> Problem details: The line that contains "Sırt Kurdele Detay Bluz" marks the start. Please set it down, with every later line of the data, exactly and without pictures.

> Stored data:
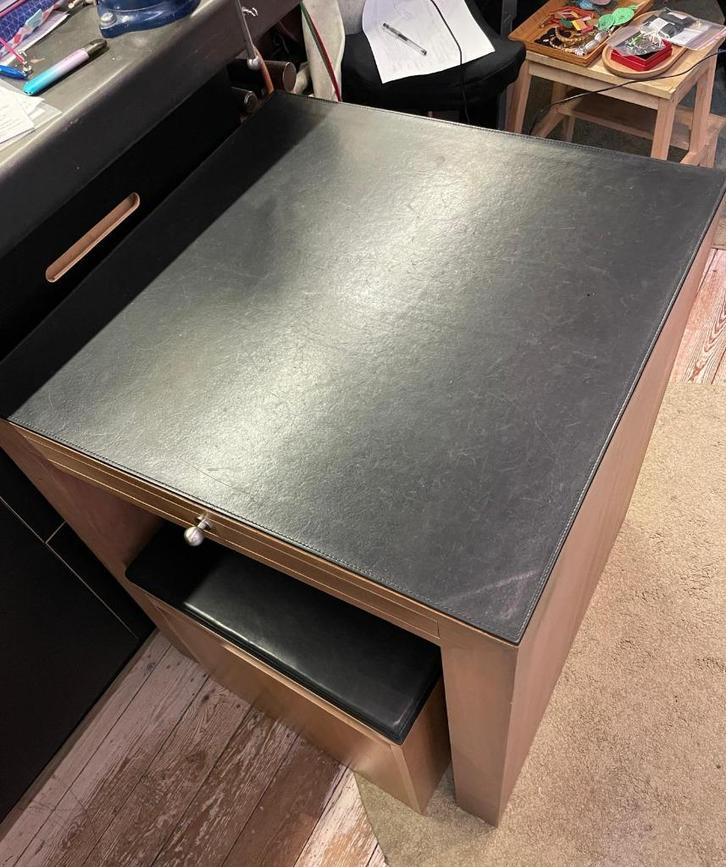 Ensemble 1 table et 2 tabourets sur-mesure, Huis en Inrichting, Tafels | Bijzettafels, Gebruikt, Vierkant, Hout, Ophalen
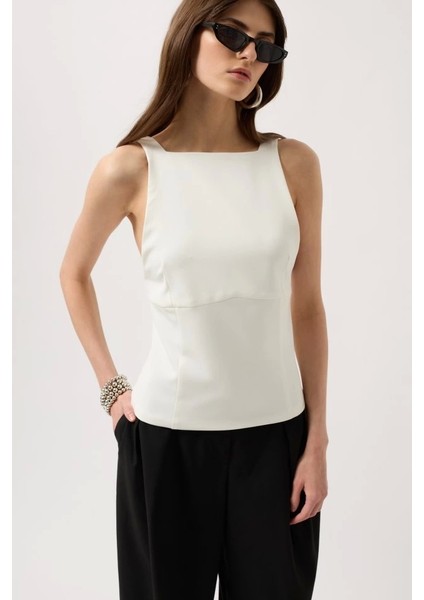 Sırt Kurdele Detay Bluz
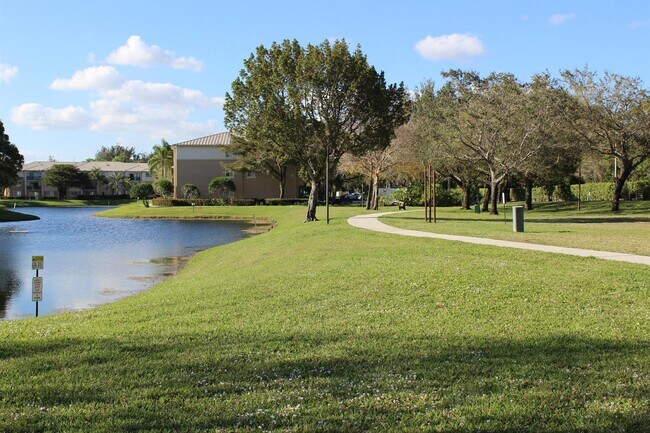 Building Photo - 1700 Crestwood Ct S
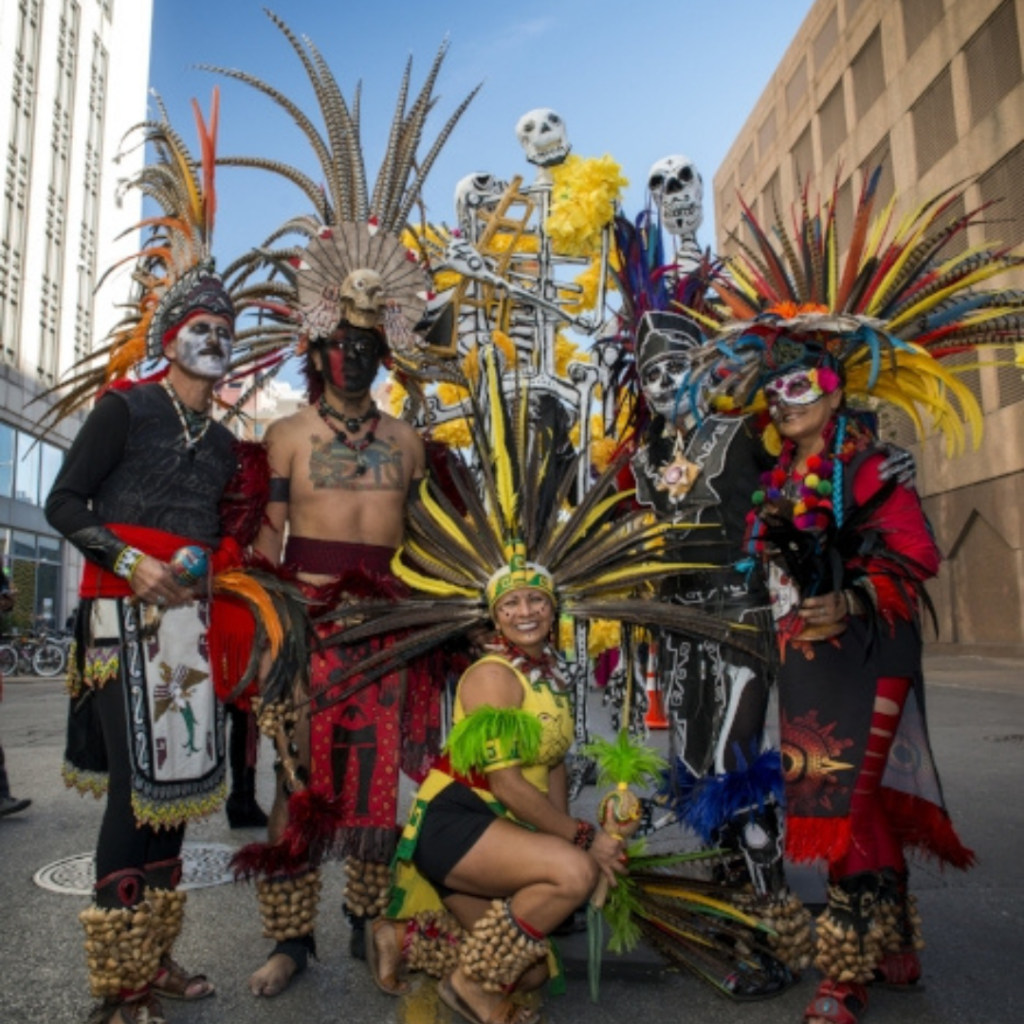 Viva la Vida 2022 Parade MexicArte Museum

> Reply:
 Sırt Kurdele Detay Bluz
 Building Photo - 1700 Crestwood Ct S
 Viva la Vida 2022 Parade MexicArte Museum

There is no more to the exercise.